PROBLEM DESCRIPTION
If a line in the records below contains the word "Cayenne", copy it.

Stored data entries:

------------------------------------------------

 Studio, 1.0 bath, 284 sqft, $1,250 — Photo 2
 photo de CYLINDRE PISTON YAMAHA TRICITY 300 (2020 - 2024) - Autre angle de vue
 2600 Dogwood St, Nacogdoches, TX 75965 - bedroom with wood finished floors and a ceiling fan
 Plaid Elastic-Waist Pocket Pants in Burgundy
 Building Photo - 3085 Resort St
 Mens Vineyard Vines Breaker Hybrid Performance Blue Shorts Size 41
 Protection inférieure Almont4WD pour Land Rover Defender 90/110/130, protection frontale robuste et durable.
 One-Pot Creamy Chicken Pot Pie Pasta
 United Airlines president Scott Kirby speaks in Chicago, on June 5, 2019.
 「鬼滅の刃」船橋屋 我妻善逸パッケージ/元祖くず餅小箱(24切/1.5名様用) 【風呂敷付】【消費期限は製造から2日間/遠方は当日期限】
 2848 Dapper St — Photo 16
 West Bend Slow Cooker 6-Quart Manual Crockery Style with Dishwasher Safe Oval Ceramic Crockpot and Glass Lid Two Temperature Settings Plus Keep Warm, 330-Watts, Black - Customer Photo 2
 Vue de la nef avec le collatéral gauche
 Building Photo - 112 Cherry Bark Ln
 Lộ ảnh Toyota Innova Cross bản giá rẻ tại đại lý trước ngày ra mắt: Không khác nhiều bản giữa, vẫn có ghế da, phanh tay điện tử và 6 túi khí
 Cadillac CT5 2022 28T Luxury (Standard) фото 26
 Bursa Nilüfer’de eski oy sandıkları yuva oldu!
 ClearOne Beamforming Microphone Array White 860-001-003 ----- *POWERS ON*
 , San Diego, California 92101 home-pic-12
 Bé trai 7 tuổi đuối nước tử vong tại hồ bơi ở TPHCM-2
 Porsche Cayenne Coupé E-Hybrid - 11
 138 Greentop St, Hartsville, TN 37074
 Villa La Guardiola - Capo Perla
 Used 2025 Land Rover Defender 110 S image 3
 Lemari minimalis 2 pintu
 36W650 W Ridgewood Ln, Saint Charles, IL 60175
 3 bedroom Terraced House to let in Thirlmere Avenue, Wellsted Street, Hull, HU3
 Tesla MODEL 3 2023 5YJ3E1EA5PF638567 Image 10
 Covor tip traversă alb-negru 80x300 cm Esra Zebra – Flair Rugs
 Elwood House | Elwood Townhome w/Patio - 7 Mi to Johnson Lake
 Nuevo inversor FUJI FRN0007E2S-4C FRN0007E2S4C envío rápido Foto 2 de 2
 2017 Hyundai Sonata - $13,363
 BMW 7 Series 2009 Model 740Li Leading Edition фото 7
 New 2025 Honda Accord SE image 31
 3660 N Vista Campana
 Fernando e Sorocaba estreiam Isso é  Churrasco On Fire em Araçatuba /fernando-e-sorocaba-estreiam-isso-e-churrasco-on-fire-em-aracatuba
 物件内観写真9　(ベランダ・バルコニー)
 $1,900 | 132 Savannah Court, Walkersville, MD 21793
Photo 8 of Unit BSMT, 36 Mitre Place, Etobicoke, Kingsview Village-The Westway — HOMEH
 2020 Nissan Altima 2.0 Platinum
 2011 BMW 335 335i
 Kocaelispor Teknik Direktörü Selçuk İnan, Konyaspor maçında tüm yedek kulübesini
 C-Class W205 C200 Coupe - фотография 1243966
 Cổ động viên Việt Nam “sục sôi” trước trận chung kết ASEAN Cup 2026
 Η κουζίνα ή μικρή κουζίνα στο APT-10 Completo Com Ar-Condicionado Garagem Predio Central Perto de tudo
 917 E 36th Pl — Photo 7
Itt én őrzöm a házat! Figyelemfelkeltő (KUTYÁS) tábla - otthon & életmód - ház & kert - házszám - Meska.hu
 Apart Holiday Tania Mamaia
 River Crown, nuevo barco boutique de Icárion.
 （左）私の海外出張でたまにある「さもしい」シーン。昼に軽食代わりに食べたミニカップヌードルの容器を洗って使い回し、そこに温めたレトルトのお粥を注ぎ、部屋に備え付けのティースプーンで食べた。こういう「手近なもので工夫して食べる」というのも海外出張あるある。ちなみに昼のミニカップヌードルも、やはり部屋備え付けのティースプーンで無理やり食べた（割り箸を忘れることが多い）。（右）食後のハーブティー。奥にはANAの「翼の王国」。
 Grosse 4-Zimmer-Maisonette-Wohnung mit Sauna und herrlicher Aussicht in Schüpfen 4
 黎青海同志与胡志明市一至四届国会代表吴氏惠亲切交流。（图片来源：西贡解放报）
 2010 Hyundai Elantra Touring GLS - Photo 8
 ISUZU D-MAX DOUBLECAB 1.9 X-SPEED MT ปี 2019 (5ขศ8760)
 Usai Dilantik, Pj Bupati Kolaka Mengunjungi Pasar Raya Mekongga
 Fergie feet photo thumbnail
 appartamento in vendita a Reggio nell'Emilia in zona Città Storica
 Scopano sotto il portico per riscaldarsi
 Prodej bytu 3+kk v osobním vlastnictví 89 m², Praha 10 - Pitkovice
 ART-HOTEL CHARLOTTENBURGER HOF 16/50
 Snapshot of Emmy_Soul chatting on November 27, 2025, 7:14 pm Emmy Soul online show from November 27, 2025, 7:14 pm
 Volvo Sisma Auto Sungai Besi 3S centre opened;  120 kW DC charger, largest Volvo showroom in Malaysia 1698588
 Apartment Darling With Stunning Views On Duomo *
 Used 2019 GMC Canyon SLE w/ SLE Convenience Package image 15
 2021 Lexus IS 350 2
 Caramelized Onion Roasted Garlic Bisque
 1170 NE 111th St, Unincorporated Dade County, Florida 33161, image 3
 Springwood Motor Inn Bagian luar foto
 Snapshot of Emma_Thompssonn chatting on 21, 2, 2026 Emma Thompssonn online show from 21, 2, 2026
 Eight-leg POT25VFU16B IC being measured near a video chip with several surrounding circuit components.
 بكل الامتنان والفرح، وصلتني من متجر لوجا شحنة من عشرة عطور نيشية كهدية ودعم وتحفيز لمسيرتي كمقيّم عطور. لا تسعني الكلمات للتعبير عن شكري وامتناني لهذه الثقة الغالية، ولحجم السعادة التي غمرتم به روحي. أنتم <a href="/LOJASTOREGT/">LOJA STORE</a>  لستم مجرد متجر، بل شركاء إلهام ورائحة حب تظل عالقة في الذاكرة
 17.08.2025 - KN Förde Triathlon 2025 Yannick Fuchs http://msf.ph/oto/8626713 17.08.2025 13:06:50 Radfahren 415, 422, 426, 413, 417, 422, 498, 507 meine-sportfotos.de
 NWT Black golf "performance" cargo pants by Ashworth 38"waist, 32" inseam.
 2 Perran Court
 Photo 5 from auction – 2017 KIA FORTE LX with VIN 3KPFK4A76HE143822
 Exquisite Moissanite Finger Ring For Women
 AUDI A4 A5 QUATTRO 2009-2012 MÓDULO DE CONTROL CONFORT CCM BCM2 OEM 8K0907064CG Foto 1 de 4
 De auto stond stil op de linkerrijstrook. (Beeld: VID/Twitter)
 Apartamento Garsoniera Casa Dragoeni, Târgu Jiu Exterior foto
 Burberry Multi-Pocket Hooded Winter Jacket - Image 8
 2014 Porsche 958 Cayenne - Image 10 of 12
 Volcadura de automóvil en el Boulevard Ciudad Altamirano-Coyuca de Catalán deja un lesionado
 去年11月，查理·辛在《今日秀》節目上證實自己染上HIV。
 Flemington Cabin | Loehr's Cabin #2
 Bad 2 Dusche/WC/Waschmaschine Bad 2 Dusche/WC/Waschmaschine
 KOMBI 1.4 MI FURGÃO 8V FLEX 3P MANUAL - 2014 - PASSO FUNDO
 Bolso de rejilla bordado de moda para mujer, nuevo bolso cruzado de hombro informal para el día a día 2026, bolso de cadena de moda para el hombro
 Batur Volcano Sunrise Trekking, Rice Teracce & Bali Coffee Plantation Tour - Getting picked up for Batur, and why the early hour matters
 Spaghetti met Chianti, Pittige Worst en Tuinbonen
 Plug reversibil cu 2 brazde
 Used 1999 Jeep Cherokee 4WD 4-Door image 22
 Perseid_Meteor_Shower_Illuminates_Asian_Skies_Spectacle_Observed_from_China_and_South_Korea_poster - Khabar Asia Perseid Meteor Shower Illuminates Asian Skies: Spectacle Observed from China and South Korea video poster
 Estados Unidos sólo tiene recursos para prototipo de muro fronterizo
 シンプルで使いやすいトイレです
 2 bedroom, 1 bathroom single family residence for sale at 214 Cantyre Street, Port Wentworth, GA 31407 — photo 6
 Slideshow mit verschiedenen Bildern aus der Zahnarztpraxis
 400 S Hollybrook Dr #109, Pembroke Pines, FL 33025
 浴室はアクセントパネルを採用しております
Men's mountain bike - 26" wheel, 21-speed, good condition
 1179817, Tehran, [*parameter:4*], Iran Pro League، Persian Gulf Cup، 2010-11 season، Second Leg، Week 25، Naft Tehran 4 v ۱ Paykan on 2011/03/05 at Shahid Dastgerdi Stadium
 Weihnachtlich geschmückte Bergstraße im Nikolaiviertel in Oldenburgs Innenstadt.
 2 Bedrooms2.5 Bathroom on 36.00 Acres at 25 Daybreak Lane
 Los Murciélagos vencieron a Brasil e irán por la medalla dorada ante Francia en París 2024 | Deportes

------------------------------------------------

ANSWER BELOW
 Porsche Cayenne Coupé E-Hybrid - 11
 2014 Porsche 958 Cayenne - Image 10 of 12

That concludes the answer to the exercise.